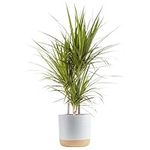 Costa Farms Dracaena Marginata Mage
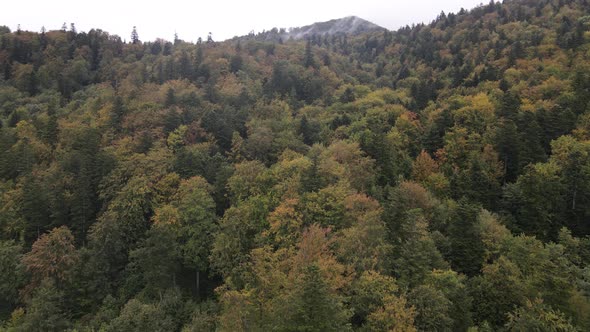 Aerial View of the Carpathian Mountains in Autumn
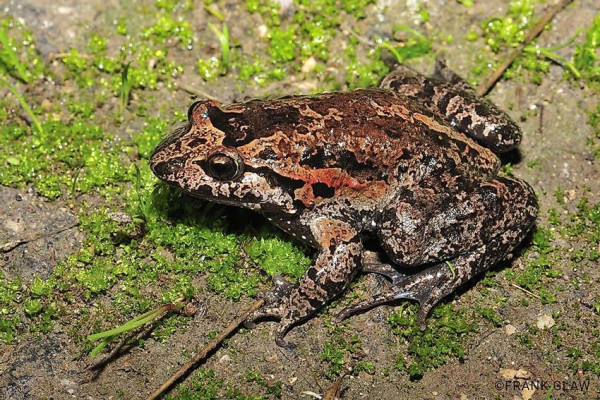 10 Hewan Purba yang Masih Hidup Sampai Sekarang, Nomor 4 dan 7 Imut Banget
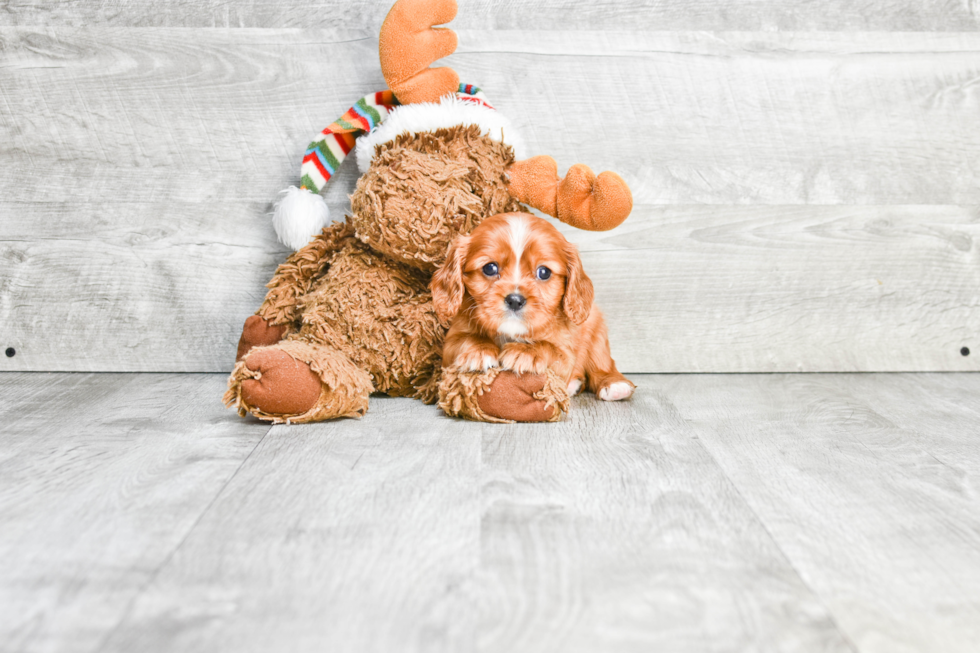 Hypoallergenic Cavalier King Charles Spaniel Baby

__Exercise objective__. Apart from the pictures, every line above must be repeated exactly.

__Your response__.
 Costa Farms Dracaena Marginata Mage
 Aerial View of the Carpathian Mountains in Autumn
 10 Hewan Purba yang Masih Hidup Sampai Sekarang, Nomor 4 dan 7 Imut Banget
 Hypoallergenic Cavalier King Charles Spaniel Baby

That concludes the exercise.